KUALA LUMPUR - Malaysia on Thursday formally declared the passengers and crew of missing flight MH370 to be presumed dead, a step that it said opens the door for compensation payments but which was angrily rejected by distraught relatives.
Malaysian authorities and the airline had until now refrained from drawing firm conclusions about the fate of the plane and its 239 passengers and crew, as many desperate next-of-kin continue to insist it may have landed safely somewhere.
But Thursday's declaration that MH370 was an "accident" was essentially a formal announcement that the plane had indeed crashed somewhere after its disappearance on March 8 and that all aboard had perished.
"It is therefore, with the heaviest heart and deepest sorrow that, on behalf of the government of Malaysia, we officially declare Malaysia Airlines flight MH370 an accident," civil aviation chief Azharuddin Abdul Rahman said in a televised announcement.
"All 239 of the passengers and crew on board MH370 are presumed to have lost their lives," he added.
Urging relatives to move forward, he said it was "important that families try to resume normal lives".
Malaysia Airlines later said it would begin contacting families to proceed with a "fair and reasonable" compensation process.
But Sarah Bajc, whose partner Philip Wood was on board the plane, was one of several relatives who poured scorn on the announcement.
'They are lying'
"I think they are lying," she said of the Malaysian government and airline.
"It could very well be that the plane crashed. But there is no evidence, and until there is evidence we just can't believe them. It is impossible to bring any closure until we have proof."

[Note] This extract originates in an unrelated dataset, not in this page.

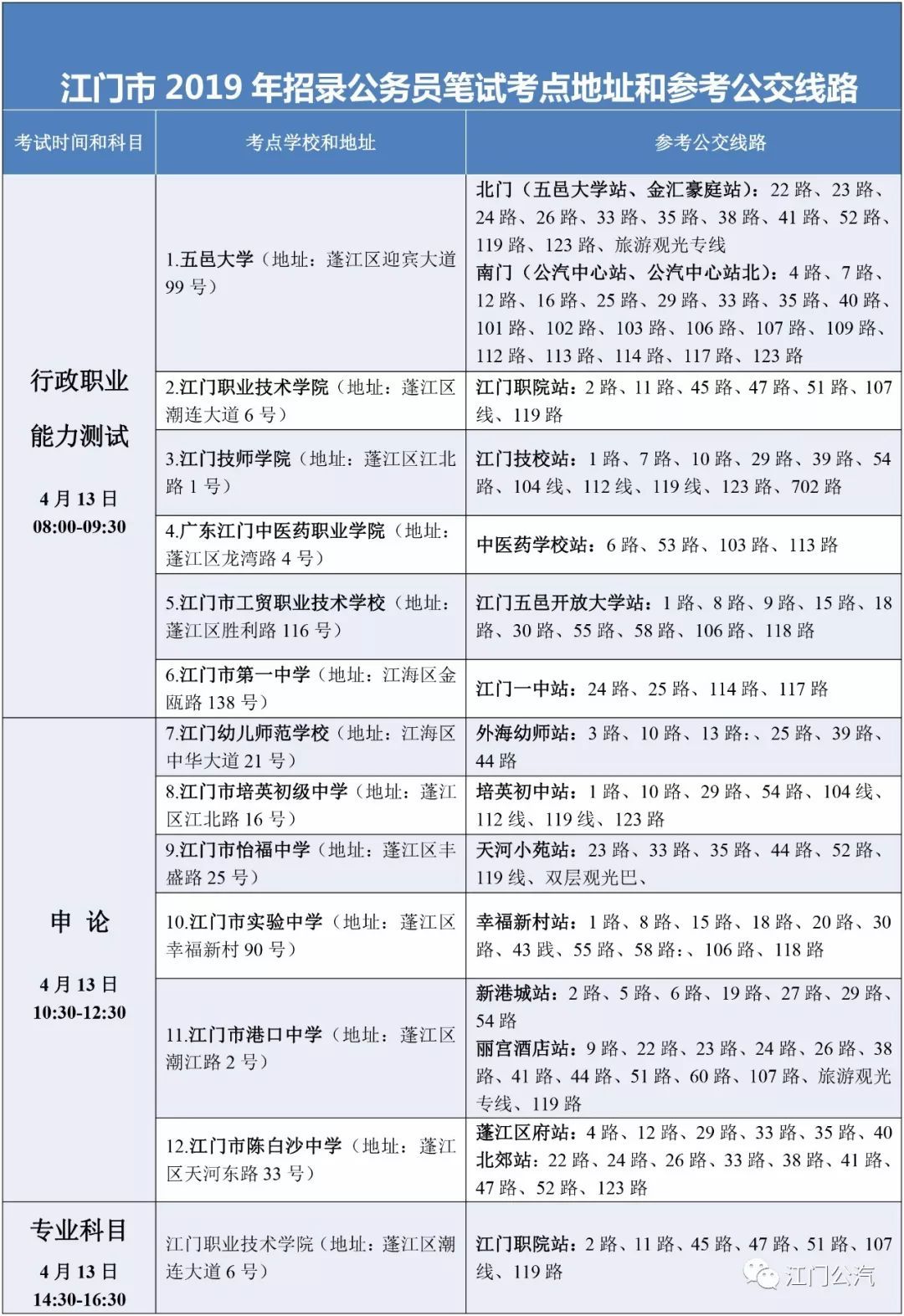 公务员考试考点概览，洞悉考试内容与备考策略全攻略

Many relatives have consistently accused Malaysia's authoritarian government and its flag carrier of a chaotic and bungled response to the plane's initial diversion that allowed the jet to disappear, and a subsequent cover-up. Those charges are strenuously denied.
The plane vanished en route from Kuala Lumpur to Beijing in one of history's great aviation mysteries.
Malaysia's government says satellite data indicates the plane inexplicably detoured to the remote southern Indian Ocean, which they suspect was due to "deliberate" action onboard.
But no evidence has turned up as to the fate of the plane, despite an ongoing Australian-led search of the supposed crash region -- the most expensive search and rescue operation in history.
Whatever happened, aviation analyst Gerry Soejatman said the declaration is important to allow all parties to move forward in the baffling case.
"Unless the declaration is made, it will be tough to initiate certain legal steps for insurance matters to take place," he said.
"It's a hard step for (families) to accept, but they have to bear in mind that someone has to pay them and everyone has to move on somehow. It's not easy but this is a fact."